すると、道化師の方からチッと舌打ちが聞こえ、その道化師はアリアにナイフを振るっていた。アリアは着地と同時に道化師のことを睨む。
「何者です!!」
アリアの問いに道化師は口の端しを歪めて嗤う。
「さあ?誰でしょう?」
道化師はそう言いながらナイフを構え直す。そこでアリアは直感的に感じる。この者は私を殺そうとしていると。
「リンネリンネリンネ!!アリアとの面会まで後1時間30分しかありません!!僕の格好これでよろしいでしょうか?」
レイの言う通り、本日はレイとアリアが初めての面会を行う記念すべき日。レイはアリアとの面会に緊張が限界突破寸前、どうしたらいいのかわからずに混乱の極みのような状態になっていた。
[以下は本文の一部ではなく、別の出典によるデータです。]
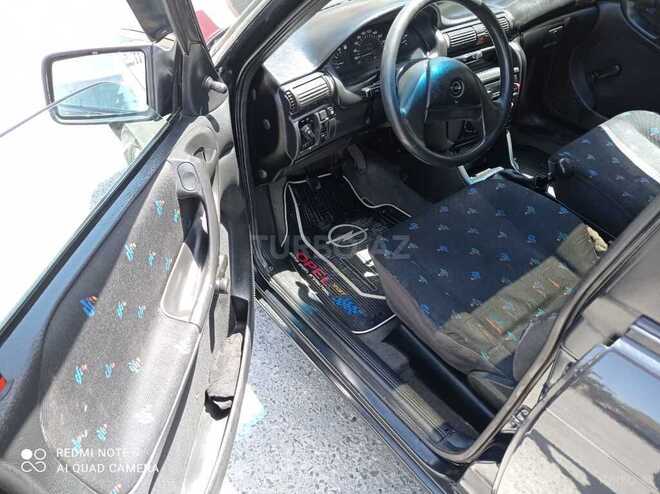 Opel Astra 1993, 268,445 km - 1.6 l - Bakı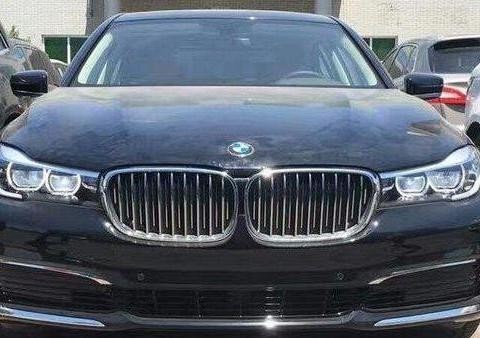 最新宝马7系官网报价发动机性能介绍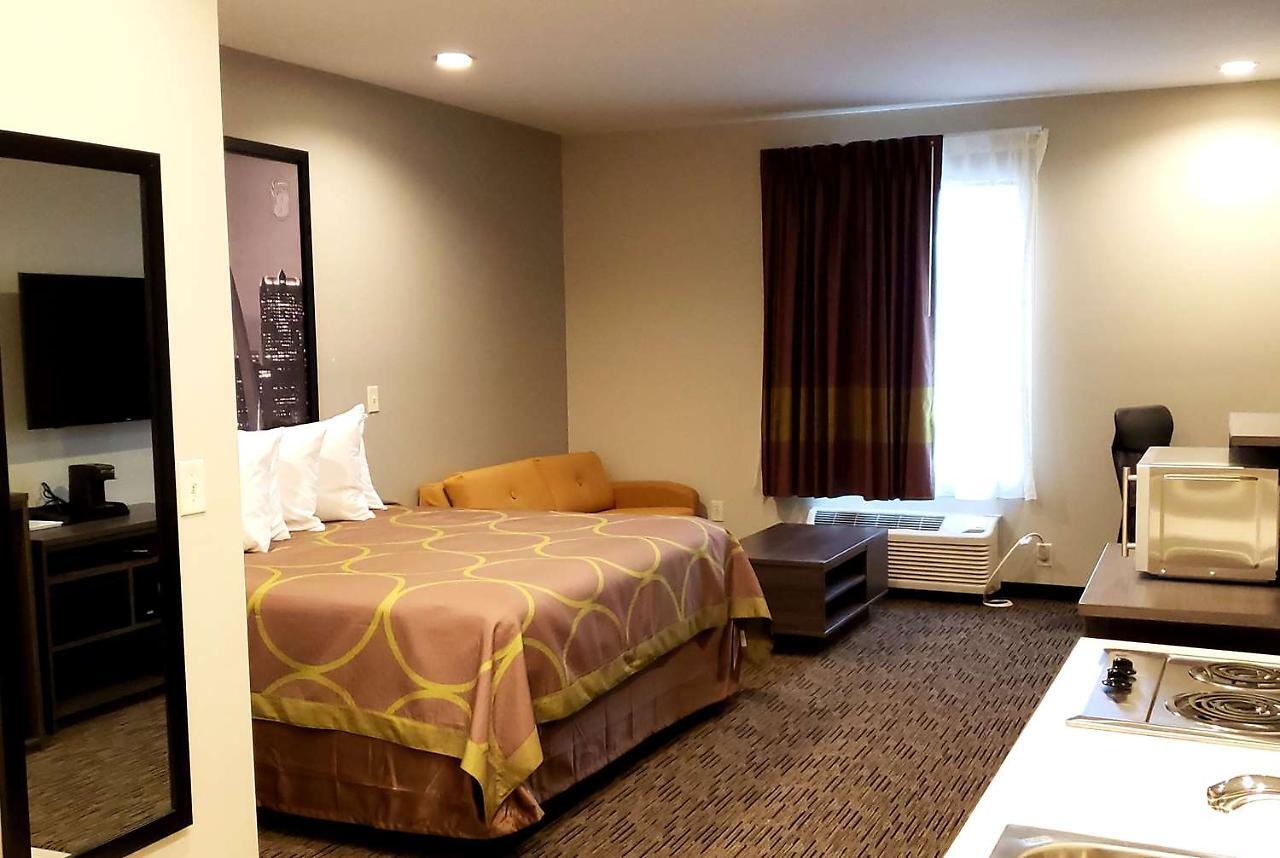 Super 8 By Wyndham St. Louis North Otel Dış mekan fotoğraf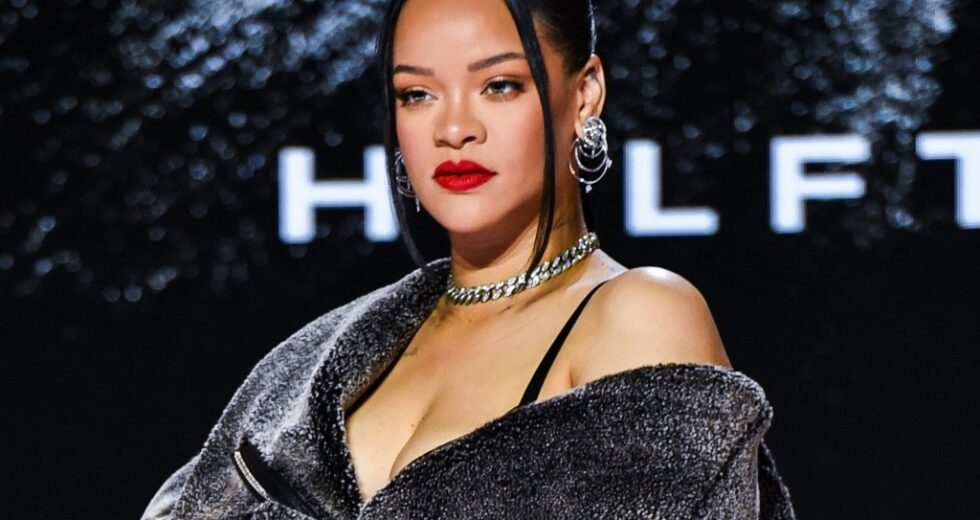 Mulher é presa após tiros disparados contra a casa de Rihanna enquanto a cantora estava lá dentro: relatos – Nacional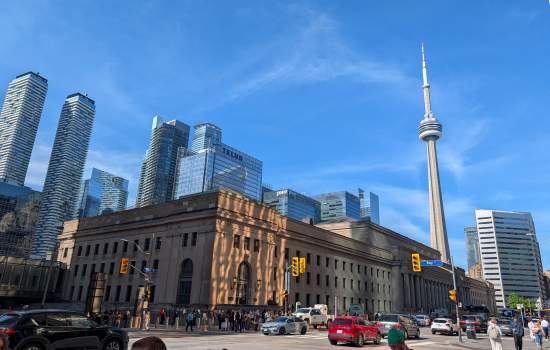 Union Pearson, CN Tower, Toronto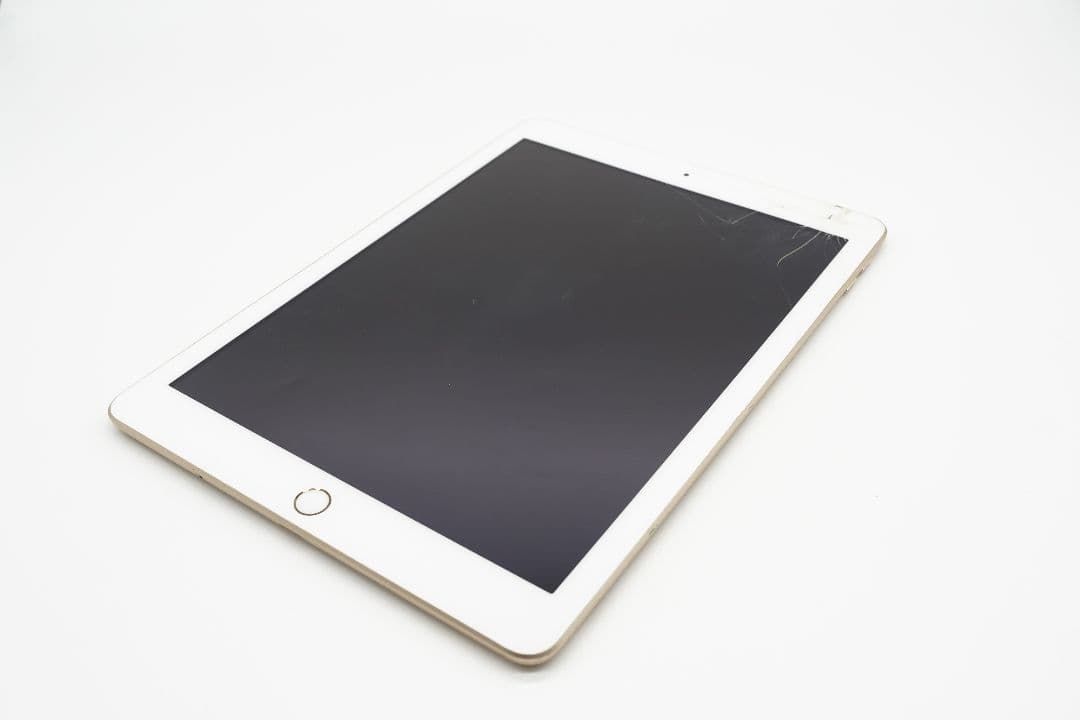 iPad 第5世代 A1823 ジャンク - メルカリ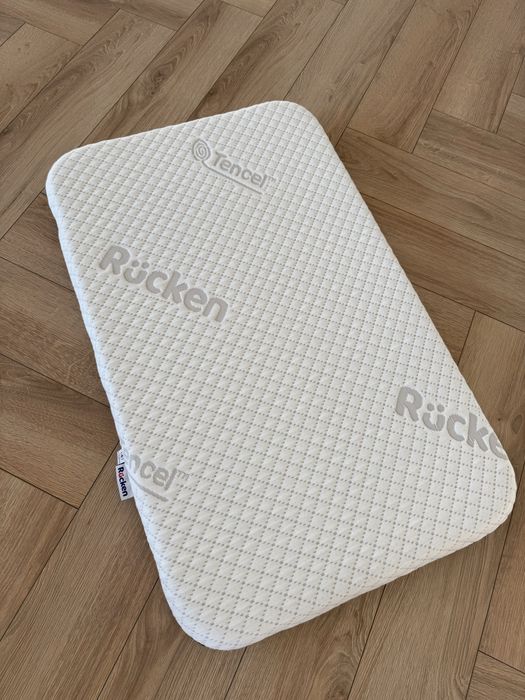 Materac dzieciecy Rucken 82x50 do dostawki Chicco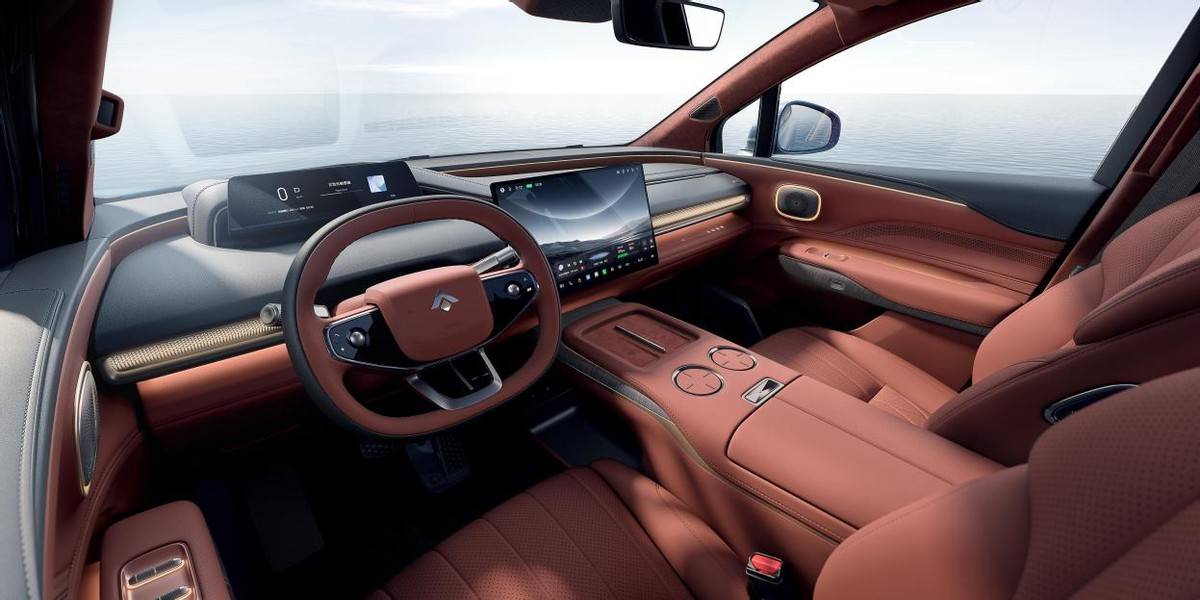 中大型SUV將引爆2025一季度熱戰(zhàn) 昊鉑HL問(wèn)界M8領(lǐng)克900三英戰(zhàn)理想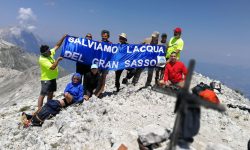 DALLA CIMA DEL MONTE CAMICIA UN APPELLO PER L’ACQUA DEL GRAN SASSO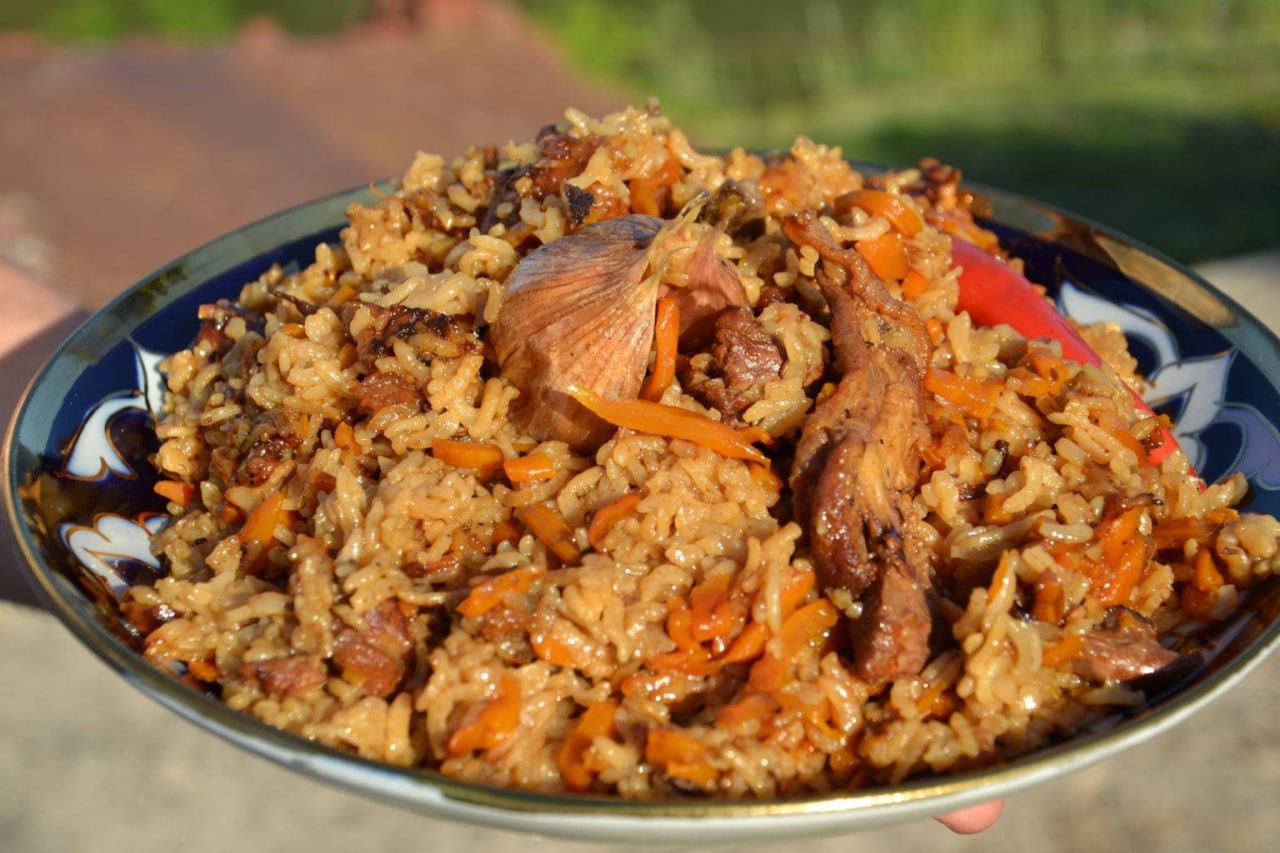в узбекистане подсчитали, где продают самый дорогой и дешевый плов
「全然変じゃないから大丈夫。後その質問もう10回はしてるからね」
「すみません気がつきませんでした。ああ、リンネ、アリアとの面会まで後1時間29分しかありません。何かお土産的な物は必要ありませんでしょうか?」
「はは、そんなことしたらお土産が家宝通り越して国宝になるから止めとこうね。あとその質問も10回以上してるからね。もっと言えばそのカウントダウンも3時間前からしてるからね」
「すいませんリンネ、どうも緊張してしまっていて――ああ、リンネ――」
「くどいわ!!」
ついにリンネがキレた。
「あのさあレイ君。初めての眷属との面会に緊張するのはよくわかるよ。けどね、3時間も前から1分毎に格好がどうだの、土産がどうだの訊かれる身にもなって欲しいかな。そりゃあ最初の頃は初々しいとか、ほほえましいなとか、思ってはいたけどさ今はもう若干ノイローゼ気味っていうか最早ノイローゼだよね。このままじゃあ私アリアって名前を聞くだけで発狂するようになっちゃうよ!!」
とてつもない早口でまくし立てるリンネ。するとレイは叱られた仔犬のようにシュンとして、
「すみません」
と謝るが、
「でもでもリンネ――」
「私の話聞いてた!?」
―――エクノルエ家の屋敷
「あの、メルリリス様、主様との御拝謁まであと1時間30分しかありません。本当にこの服でよろしかったのでしょうか?」
「レー君はあまり派手な服は好きじゃないから普段着くらいで丁度いいよ。あとその質問今日だけで10回以上してるからね」
「そうでしたか私ったら緊張してしまっていて――ああ、メルリリス様!!主様との御拝謁まであと1時間29分しかありません。主様に供物などはいらなかったでしょうか?もっとも私から出せる供物なんてお兄様方くらいしかありませんけど……」
「レー君そう言うのはあまり好きじゃないから手ぶらで全然いいよ。あと、さりげなく自分の兄弟を供物にしようとしないでね。あとあと、その質問ももう10回は越えてるからね、そろそろいい加減にして欲しいかな」
「すみません」
アリアが叱られた仔犬のようにシュンとする。がしかし、
「あ、あの、メルリリス様――」
「しつこい!!」
メルリリスがついにキレた。
「アリアちゃんは気付いていないみたいだから言うけど、レー君との面会までの3時間も前から1分毎にカウントダウンしてるからね。私も最初の頃は初々しいしくて可愛いなぁとか思ったり、緊張してるのかな?とか思ったりしたけど、今はもうノイローゼ気味と言うか最早ノイローゼだよね。だってもうレー君の名前聞きたくなくなってきてるもん。一応私『秩序』の戦士長やってるんだよ。それって貴女たちの言う御使いなわけだけど、それなのにレー君のこと嫌いになっちゃったらどう責任とってくれるのかな?かな?」
メルリリスがアリアに物凄い剣幕で詰めより屋敷の壁まで追い詰める。
「ごめんなさい」
アリアが深々と頭を下げると、メルリリスは「はぁ」とため息をついて外を指差して言う。
「外で頭を冷やして来なさい」
「はい」
アリアはそう言うとエクノルエの屋敷を出て、当て所なく外を歩いてゆく。そうしているといつの間にやら人気のない森の中まで来てしまっていた。
「あれ?いつの間にかこんな所まで来てしまいました。早くお屋敷に戻らないと主様への御拝謁の時間に間に合わなくなってしまいます」
アリアはそう言って踵を返して来た道を戻ろうとする。すると、アリアの後方(今はもう前方だが)にいつの間にかクラウンの仮面を着けた道化師が立っていた。
――なぜこんなところに道化師が?
アリアはそう疑問に思ったが、今は時間が惜しいと道化師の方に走り出す。そして、道化師とすれ違う瞬間、アリアは本能的に後方へ飛び退いた。
すると、道化師の方からチッと舌打ちが聞こえ、その道化師はアリアにナイフを振るっていた。アリアは着地と同時に道化師のことを睨む。
「何者です!!」
アリアの問いに道化師は口の端しを歪めて嗤う。